Alex Wild breaks down the 2025 Unbound 200 in brutal detail—from the radical carb-loading strategies that broke the 9-hour barrier to the tactical early breakaway that decided the race before the final feed zones. He's honest about his own mistakes, the punctures that derailed a potential podium, and what really happens in those chaotic chase groups when no one's willing to work together.
Key Takeaways
- Elite gravel racers are now consuming 170-195g carbs per hour (vs. survival mentality in previous years), with winner Cam Phillips at 194g/hour for an 8:37 finish—this isn't optional, it's physiologically necessary at those power outputs (295W average)

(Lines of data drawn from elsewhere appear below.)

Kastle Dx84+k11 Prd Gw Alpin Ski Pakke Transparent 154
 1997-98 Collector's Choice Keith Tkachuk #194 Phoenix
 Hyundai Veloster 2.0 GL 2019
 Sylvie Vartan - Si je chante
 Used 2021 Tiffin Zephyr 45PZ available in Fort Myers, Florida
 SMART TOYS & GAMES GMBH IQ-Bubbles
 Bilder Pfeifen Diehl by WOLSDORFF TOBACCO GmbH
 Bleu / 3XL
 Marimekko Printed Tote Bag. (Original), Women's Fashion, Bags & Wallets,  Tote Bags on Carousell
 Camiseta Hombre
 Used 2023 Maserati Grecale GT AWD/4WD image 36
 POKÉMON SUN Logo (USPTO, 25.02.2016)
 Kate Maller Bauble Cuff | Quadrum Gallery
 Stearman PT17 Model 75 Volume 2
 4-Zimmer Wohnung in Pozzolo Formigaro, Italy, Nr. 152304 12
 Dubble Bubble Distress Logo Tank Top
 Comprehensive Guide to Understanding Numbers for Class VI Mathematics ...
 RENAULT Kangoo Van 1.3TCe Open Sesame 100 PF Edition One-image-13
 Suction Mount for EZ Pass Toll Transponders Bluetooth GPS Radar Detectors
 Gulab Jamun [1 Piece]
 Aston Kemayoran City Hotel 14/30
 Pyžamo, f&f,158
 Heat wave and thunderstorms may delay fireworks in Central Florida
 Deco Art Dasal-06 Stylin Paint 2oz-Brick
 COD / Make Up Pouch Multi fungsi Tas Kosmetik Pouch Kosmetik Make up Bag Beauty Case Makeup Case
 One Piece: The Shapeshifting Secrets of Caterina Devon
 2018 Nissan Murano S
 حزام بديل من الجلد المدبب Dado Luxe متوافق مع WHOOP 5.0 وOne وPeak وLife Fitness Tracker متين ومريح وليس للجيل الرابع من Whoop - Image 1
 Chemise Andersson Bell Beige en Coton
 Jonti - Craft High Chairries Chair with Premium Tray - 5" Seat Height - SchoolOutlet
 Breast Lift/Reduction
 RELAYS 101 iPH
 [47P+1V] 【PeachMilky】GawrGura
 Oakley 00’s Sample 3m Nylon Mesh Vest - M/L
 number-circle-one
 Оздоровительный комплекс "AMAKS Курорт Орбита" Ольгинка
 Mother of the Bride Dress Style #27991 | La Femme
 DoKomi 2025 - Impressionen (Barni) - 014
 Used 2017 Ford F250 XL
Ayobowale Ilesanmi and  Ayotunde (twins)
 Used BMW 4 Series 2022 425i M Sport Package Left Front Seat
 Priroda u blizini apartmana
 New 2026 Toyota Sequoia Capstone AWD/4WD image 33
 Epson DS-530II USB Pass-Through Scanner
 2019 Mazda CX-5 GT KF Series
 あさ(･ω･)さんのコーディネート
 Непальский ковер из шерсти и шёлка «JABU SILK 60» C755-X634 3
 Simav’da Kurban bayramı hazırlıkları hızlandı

- Technical terrain and feed zone chaos create the real selection in modern Unbound—early breakaways work because they avoid the negative racing dynamics of big chase groups, where unmotivated riders kill momentum and splits happen at terrain bottlenecks rather than pure power
- Tire choice matters significantly: 50mm Tracer treads were too thin for rocky sections; 45mm Pathfinders or 22mm Air Tracks would've been better—but setup decisions are race-specific and even small margins (tire pressure, wheel swaps under 5 seconds) compound over 200km
- Team dynamics are still nascent in gravel; even sponsored groups ride as privateers without coordinated chase tactics, meaning individual strength and technical ability dominate over organized team strategies seen in WorldTour racing
- The Lifetime Grand Prix is rapidly reshaping gravel's competitive hierarchy—European road/mountain bike pros are now treating Unbound as a priority event, raising the overall level and creating unpredictability that favors aggressive early positioning over late-race heroics
Expert Quotes
"If you no longer go for a gap that exists, you're no longer a racer. So yeah, it's kind of just an outcome of we are racing and we are racing for a lot of prestige and a lot of money."
"In my mind, Unbound was always going to be the hardest one or the most unknown for me in terms of points, but I still wanted to scrape as many points as I could. You never know what's going to happen at the other races."
"It's never been done before. The most organized chase seems to be a group of mates rather than anything that's brand loyal because I know Matt Beers, Keegan, and Russell train together. It's kind of a little bit of an Arizona click going on."